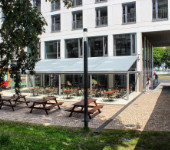 Schulz Hotel Berlin Wall Unterkunftsbild 6 – Klassenfahrt Berlin von Jugendtours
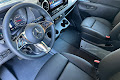 2025 Mercedes-Benz Sprinter 2500 Crew 144 WB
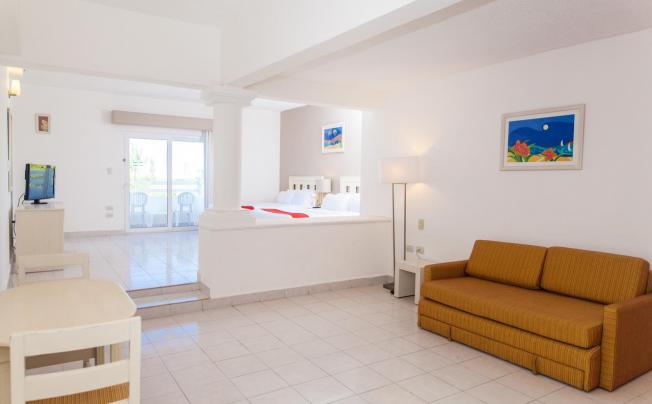 Фото отеля Holiday Inn Cancun Arenas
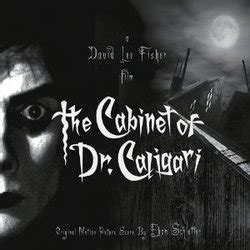 Caligari (das cabinet des dr. The Cabinet of Dr. Caligari Soundtrack (2005)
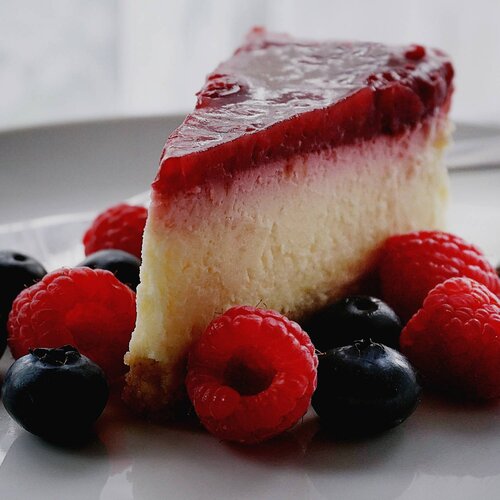 Image for Dessert category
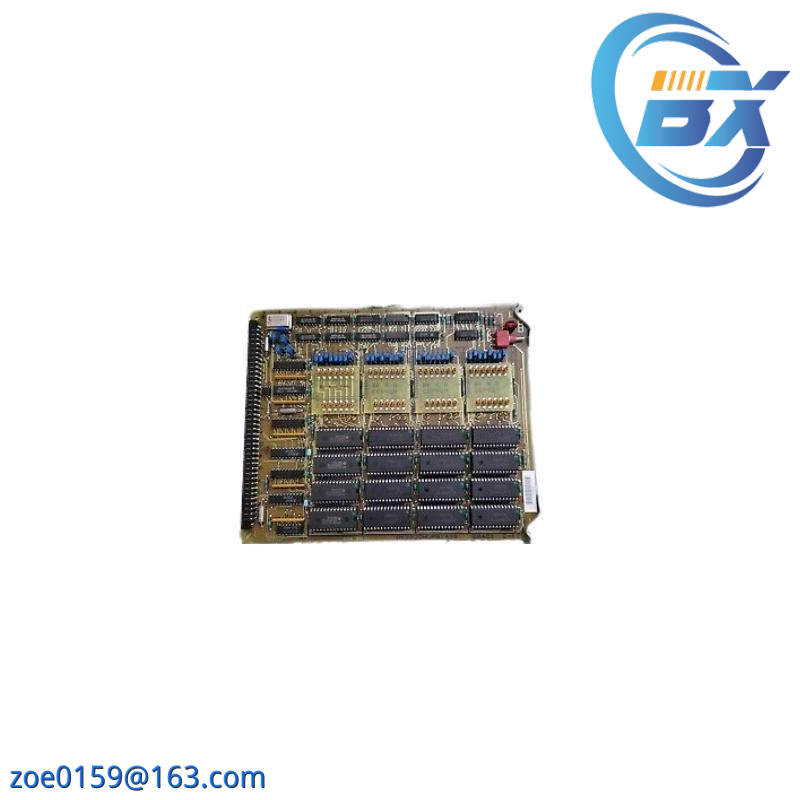 GENERAL ELECTRIC DS3810MMBB1A1A DS3800HUMB1A1A MEMORY BOARD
───
All pictures are to be dropped, and the records above returned exactly.

 Schulz Hotel Berlin Wall Unterkunftsbild 6 – Klassenfahrt Berlin von Jugendtours
 2025 Mercedes-Benz Sprinter 2500 Crew 144 WB
 Фото отеля Holiday Inn Cancun Arenas
 Caligari (das cabinet des dr. The Cabinet of Dr. Caligari Soundtrack (2005)
 Image for Dessert category
 GENERAL ELECTRIC DS3810MMBB1A1A DS3800HUMB1A1A MEMORY BOARD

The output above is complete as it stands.